Mutagenesis vol. 19 no. 5 © UK Environmental Mutagen Society 2004; all rights reserved.
Three new consensus QSAR models for the prediction of Ames genotoxicity
ChemSilico LLC, 48 Baldwin Street, Tewksbury, MA 01876, USA, 1Department of Chemistry, Eastern Nazarene College, Quincy, MA 02170, USA, 2Department of Medicinal Chemistry, School of Pharmacy, Virginia Commonwealth University, Richmond, VA 23298, USA, 3Laboratory for Molecular Modeling, Division of Medicinal Chemistry and Natural Products, School of Pharmacy, University of North Carolina, Chapel Hill, NC 27599, USA and 4Center for Toxicoinformatics, Division of Biometry and Risk Assessment, National Center for Toxicological Research, Jefferson, AK 72079, USA
Three QSAR methods, artificial neural net (ANN), k-nearest neighbors (kNN), and Decision Forest (DF), were applied to 3363 diverse compounds tested for their Ames genotoxicity. The ratio of mutagens to non-mutagens was 60/40 for this dataset. This group of compounds includes >300 therapeutic drugs. All models were developed using the same initial set of 148 topological indices: molecular connectivity
indices and electrotopological state indices (atom-type, bond-type and group-type E-state), as well as binary indicators. While previous studies have found logP to be a determining factor in genotoxicity, it was not found to be important by any modeling method employed in this study. The three models yielded an average training/test concordance value of 88%, with a low percentage of false positives and false negatives. External validation testing on 400 compounds not used for QSAR model development gave an average concordance of 82%. This value increased to 92% upon removal of less reliable outcomes, as determined by a reliability criterion used within each model. The ANN model showed the best performance in predicting drug compounds, yielding 97% concordance (34/35 drugs) after the removal of less reliable predictions. The appreciable commonality found among the top 10 ranked descriptors from each model is of particular interest because of the diversity in the learning algorithms and descriptor selection techniques employed in this study.

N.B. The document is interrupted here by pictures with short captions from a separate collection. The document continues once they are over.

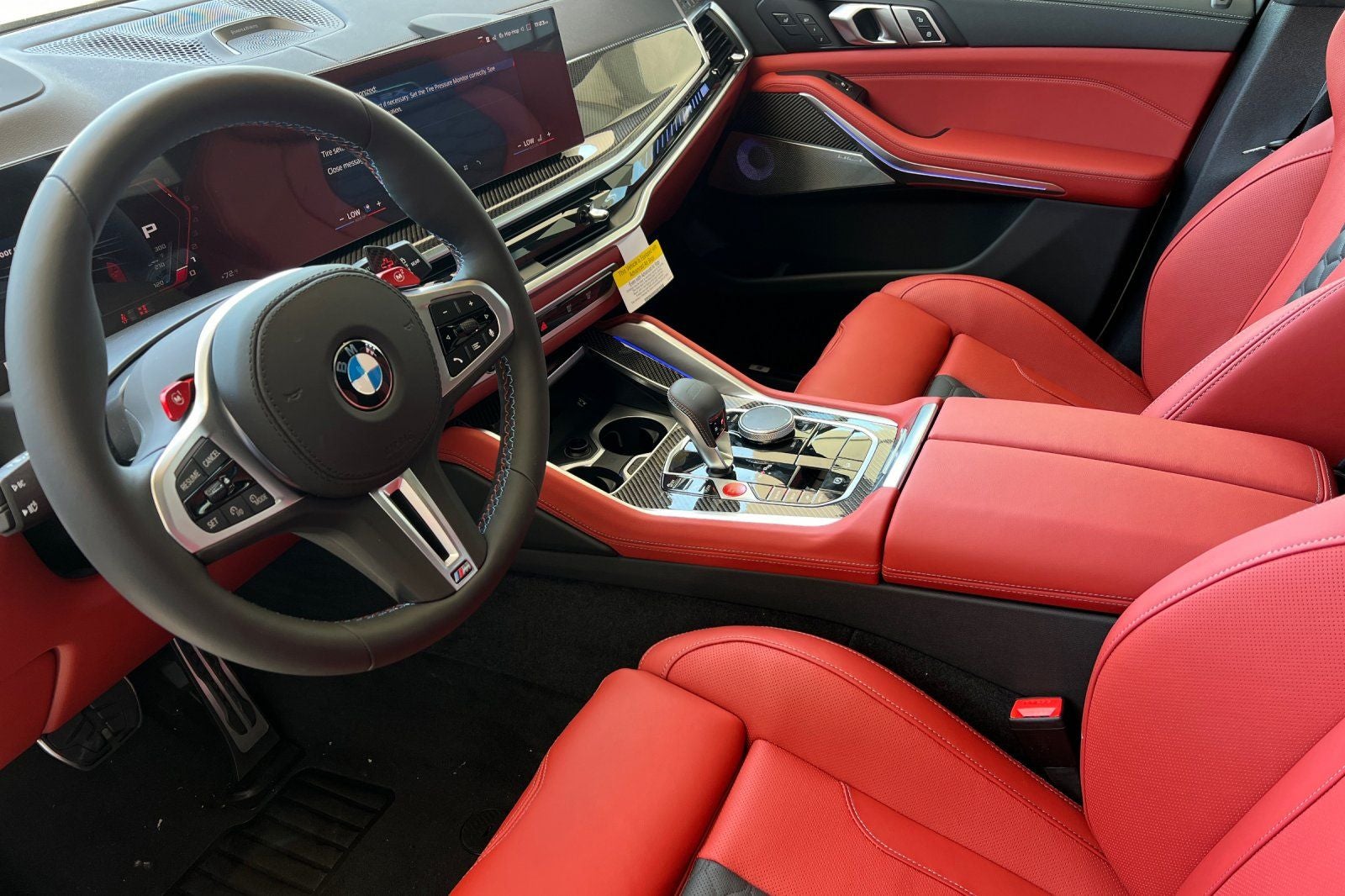2026 BMW X5 M Competition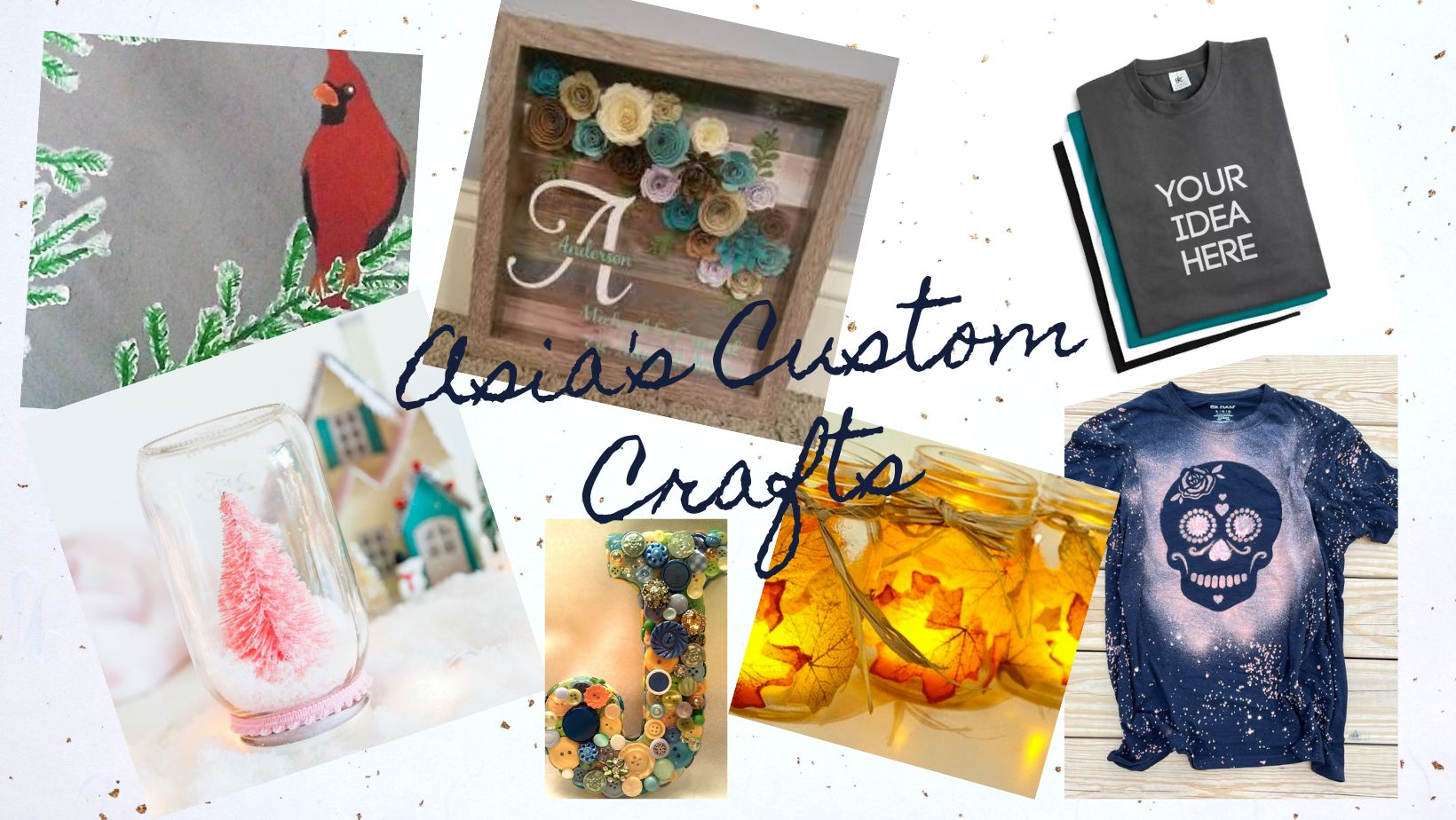 Asia's Custom Crafts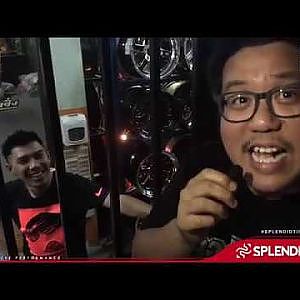 Re-Live by Splendid Tires : "โก้" ล้วงถ้ำเสือ "หนุ่ม เม้งการยางชลบุรี"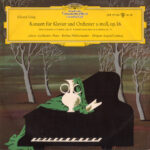 Edvard Grieg - Adrian Aeschbacher, Berliner Philharmoniker, Leopold Ludwig-0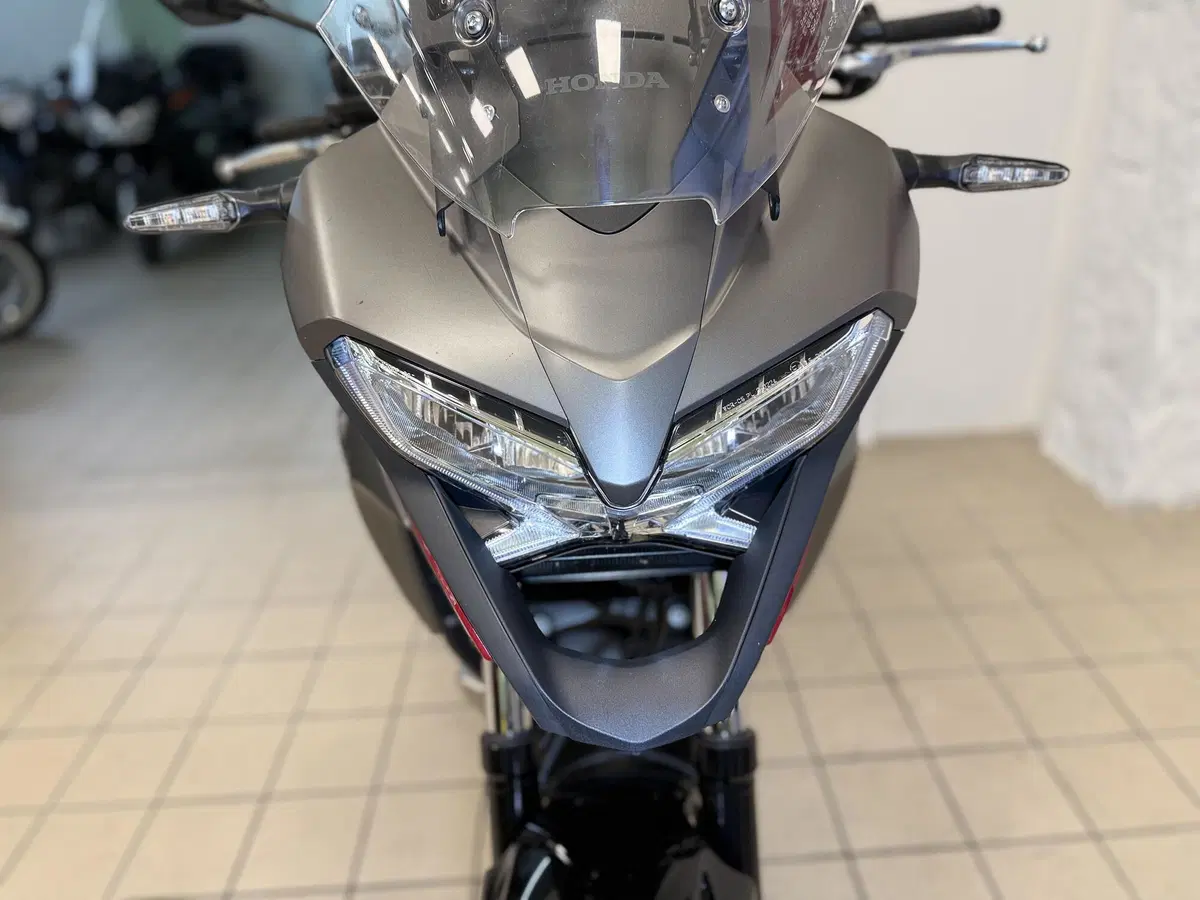 Honda Crossrunner ABS (2015 - 16) (12)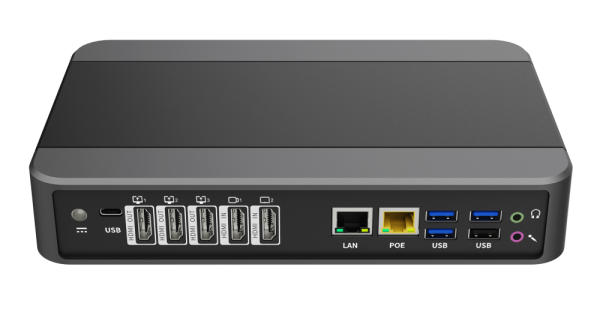 WT400D Сервер видеоконференций Nearity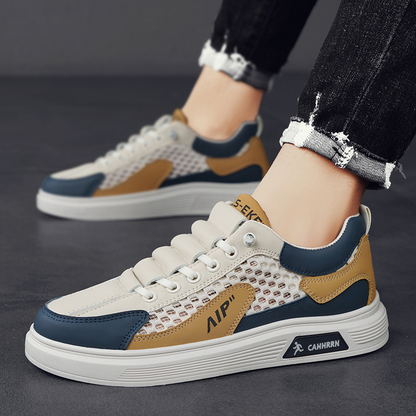 Griffin Mesh Sneakers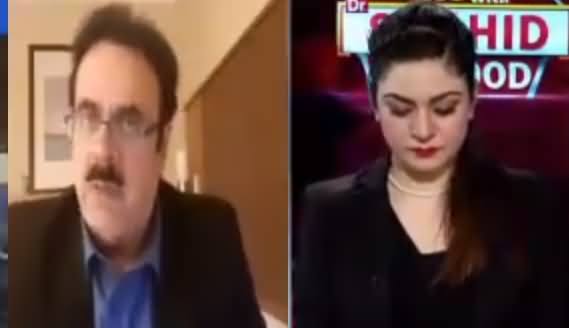 Live with Dr. Shahid Masood (Imran Trump Takra) - 22nd July 2019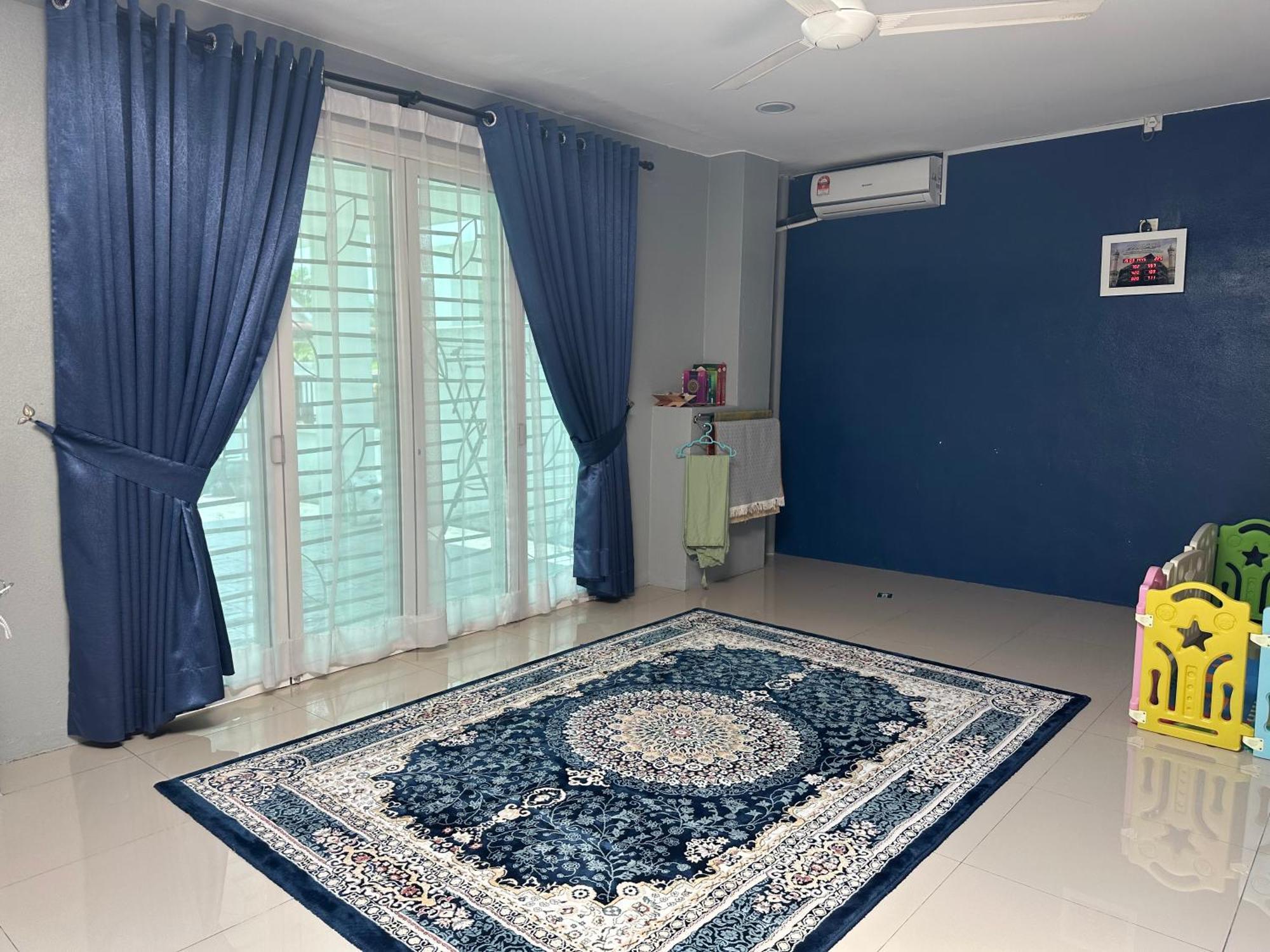 Aswadhuda Homestay Seri Iskandar Exteriör bild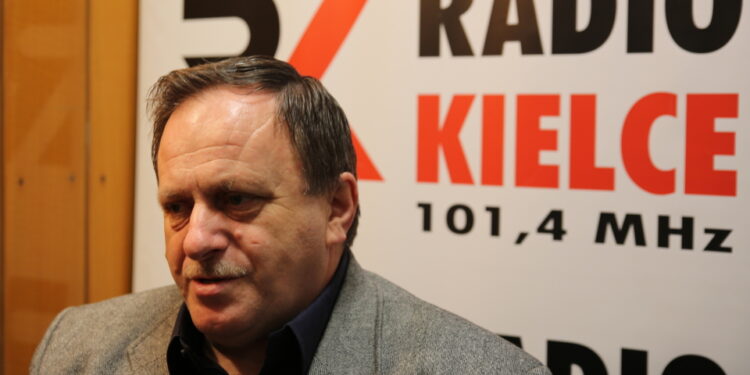 Stanisław Głowacki / Kamil Król / Radio Kielce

Forty percent of the most important descriptors in any one model are found in one or two other models. Fourteen of the most important descriptors relate directly to known toxicophores involved in potent genotoxic responses in Salmonella typhimurium. A comparison of the validation results with those of MULTICASE and DEREK indicated that the new models presented in this work perform substantially better than the former models in predicting genotoxicity of therapeutic drugs. Substantially higher specificity was achieved with these new models as compared with MULTICASE or DEREK with comparable sensitivities among all models.
Conflict of interest statement
J.R.Votano, M.Parham, L.H.Hall and L.B.Kier are partners in ChemSilico LLC. One of the models described in this paper was developed by ChemSilico LLC.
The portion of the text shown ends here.